Crawford Holling ha avuto senz’altro il merito di aver applicato all’ecologia gli avanzamenti delle analisi dei sistemi adattativi complessi, fornendo all’ecologia stessa e, conseguentemente, alle discipline dell’ecologia applicata, della gestione degli ecosistemi ed alla visione integrata di ecologia, economia e scienze sociali (e quindi della scienza della sostenibilità), contributi di grandissimo livello e spessore.
In un articolo apparso “Ecology and Society” Holling insieme ai noti studiosi Brian Walker, Stephen Carpenter e Ann Kinzig hanno fatto il punto sui concetti fondamentali che determinano il comportamento dei sistemi ecologici e sociali (i cosiddetti Social-Ecological Systems).
Gli studiosi della resilienza riconoscono quattro caratteristiche della resilienza, definite latitudine, resistenza, precarietà e panarchia.
La latitudine è l’ammontare massimo in cui un sistema può cambiare senza perdere la propria abilità al recupero (prima, quindi, di oltrepassare una “soglia” che, una volta passata, può rendere difficile o impossibile il recupero stesso).
La resistenza costituisce invece la facilità o la difficoltà di cambiare il sistema, o meglio, quanto e come il sistema è complessivamente resistente rispetto al cambiamento.
La precarietà indica quanto sia vicino l’attuale stato di un sistema ad un limite o una soglia.
La panarchia (termine coniato dagli studiosi del gruppo della resilienza e sul quale è apparso nel 2002 un volume con lo stesso titolo, curato da Lance Gunderson e Buzz Holling , “Panarchy” edito da Island Press, che richiama il dio greco Pan) è un termine che viene utilizzato per ricordare che, a causa delle interazioni a diverse scale, la resilienza di un sistema ad una particolare scala dipenderà dalle influenze degli stati e delle dinamiche alle scale che hanno luogo al di sopra o al di sotto del sistema stesso.
Un concetto che può essere considerato un po’ l’inverso della resilienza è quello della vulnerabilità. La vulnerabilità ha luogo quando un sistema ecologico o sociale perde le sue capacità di resilienza divenendo quindi vulnerabile al mutamento che precedentemente poteva essere assorbito.
In un sistema resiliente il cambiamento ha la potenzialità di creare opportunità di sviluppo, novità, ed innovazione. In un sistema vulnerabile persino piccoli cambiamenti possono risultare devastanti. La vulnerabilità si riferisce perciò alla propensione di un Social-Ecological System, di soffrire duramente delle esposizioni agli stress e agli shock esterni. Meno resiliente è il sistema, minore è la capacità delle istituzioni e delle società di adattarsi e di affrontare i cambiamenti.

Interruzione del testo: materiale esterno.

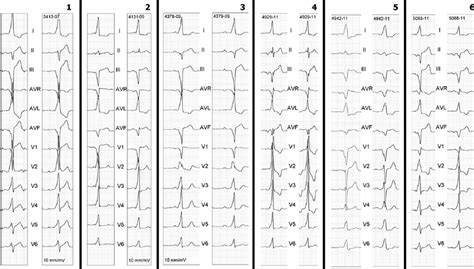 Twelve Lead ECG Showing Pre And Postablation Pattern Of Overt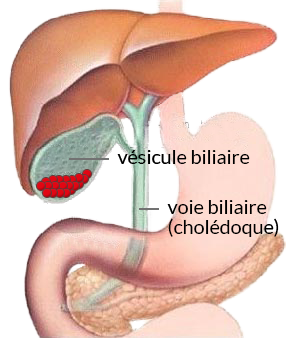Lithiase biliaire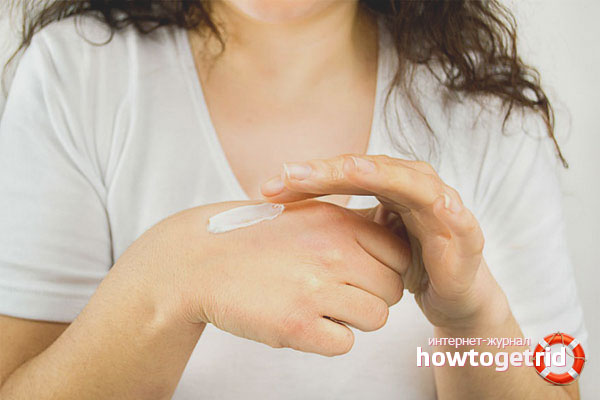 First aid for urticaria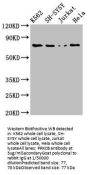 PRKCB Antibody
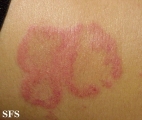 erythema annulare centrifugum
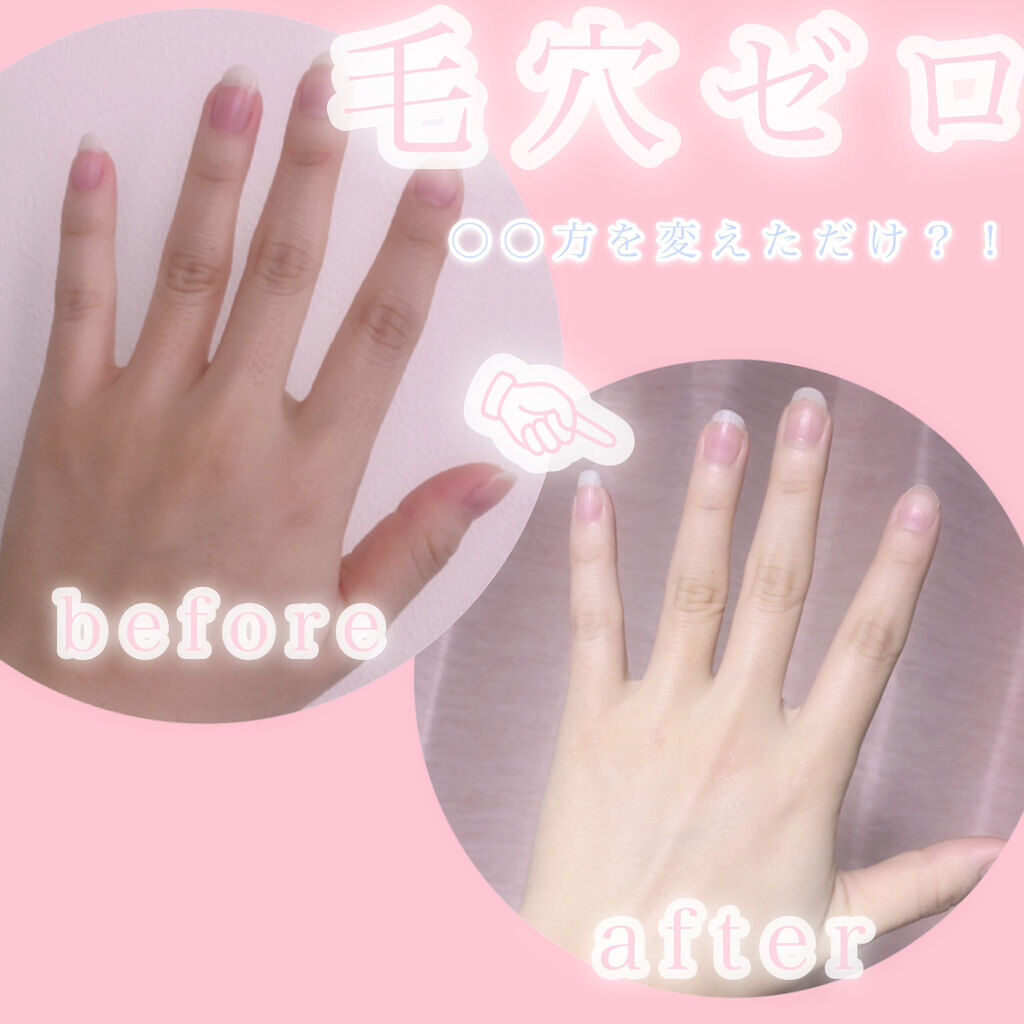 トーンアップ ハンドクリーム コエンリッチq10の口コミ 毛穴ゼロで手の女子力あげませんか By ねころびちゃん 脂性肌 代前半 Lips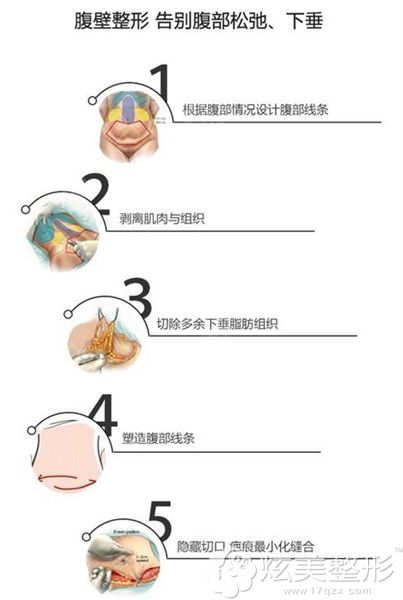 腹壁成型术过程 腹壁成型术过程
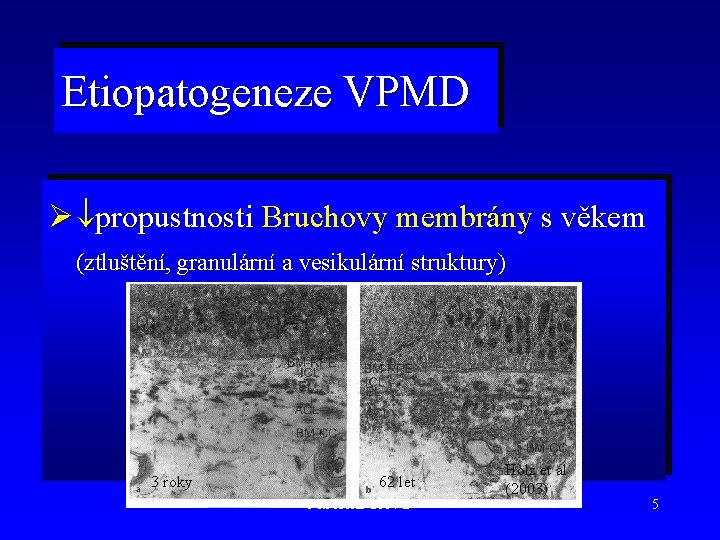 Etiopatogeneze VPMD Ø propustnosti Bruchovy membrány s věkem (ztluštění, granulární a vesikulární struktury) 3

Attuare politiche di sostenibilità vuol dire apprendere come gestire l’incertezza, adattarsi alle condizioni mutevoli che si presentano ma, soprattutto, evitare di rendere sempre meno resilienti i sistemi naturali ed i nostri sistemi sociali.

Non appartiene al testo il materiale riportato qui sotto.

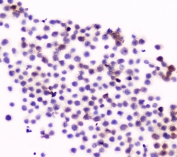 ICC staining of FFPE human U-937 cells with CD11a antibody. HIER: boil tissue sections in pH6, 10mM citrate buffer, for 10-20 min and allow to cool before testing.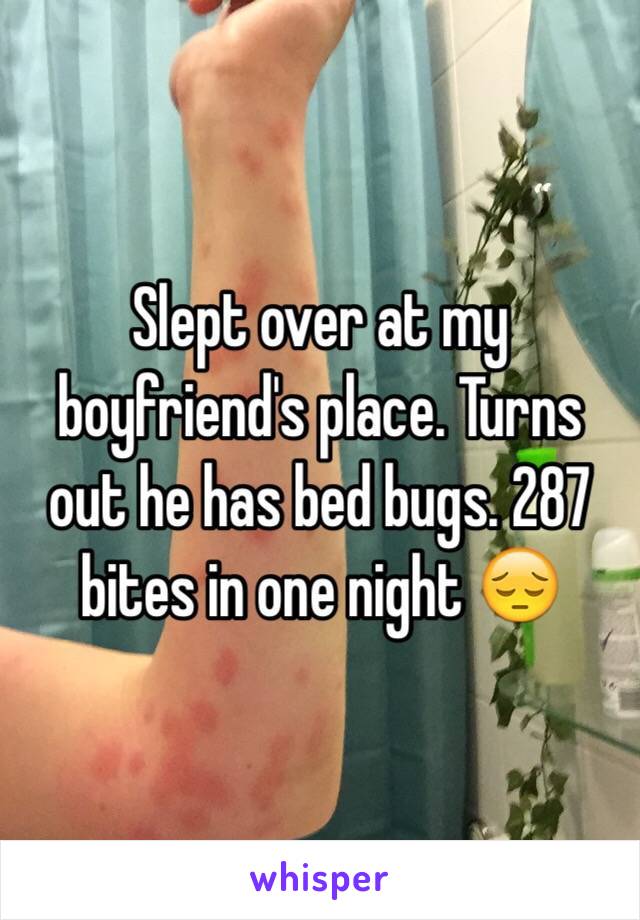Slept over at my boyfriend's place. Turns out he has bed bugs. 287 bites in one night 😔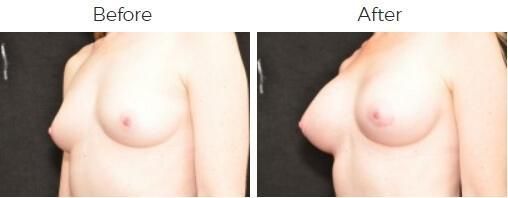 Breast Augmentation Before & After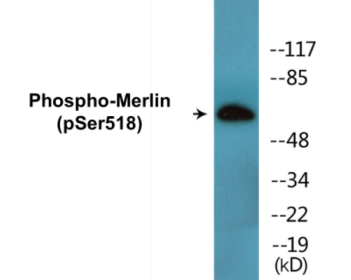 Phospho-Merlin (Ser518) Colorimetric Cell-Based ELISA Kit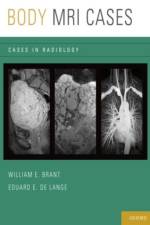 Body MRI Cases af Eduard E. (Professor of Radiology de Lange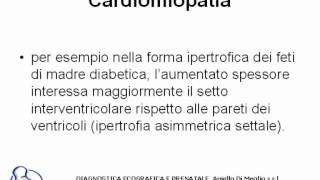 Cardiomiopatia [upl. by Kiehl]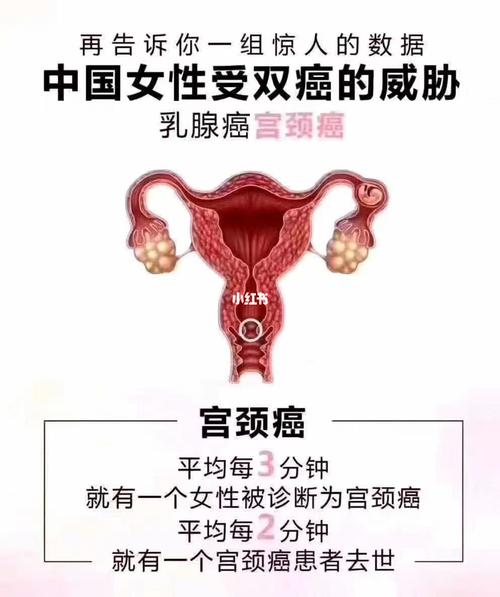 女性为什么一定要做私密保养？(保養私密女性)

Siamo in un mondo in cui l’umanità sta giocando un ruolo preminente nel modificare i processi della biosfera, dal livello genetico alla scala globale. Abbiamo un’estrema necessità di mitigare il nostro impatto sui sistemi naturali e di essere in grado di adattarci alle nuove situazioni, con grandi capacità di apprendimento e flessibilità.
Le politiche di sostenibilità basate sulle migliori conoscenze scientifiche transdisciplinari dovrebbero diventare la priorità delle agende politiche internazionali. Il costo ambientale, economico e sociale che potremmo pagare, se ciò non dovesse aver luogo, potrebbe infatti essere altissimo.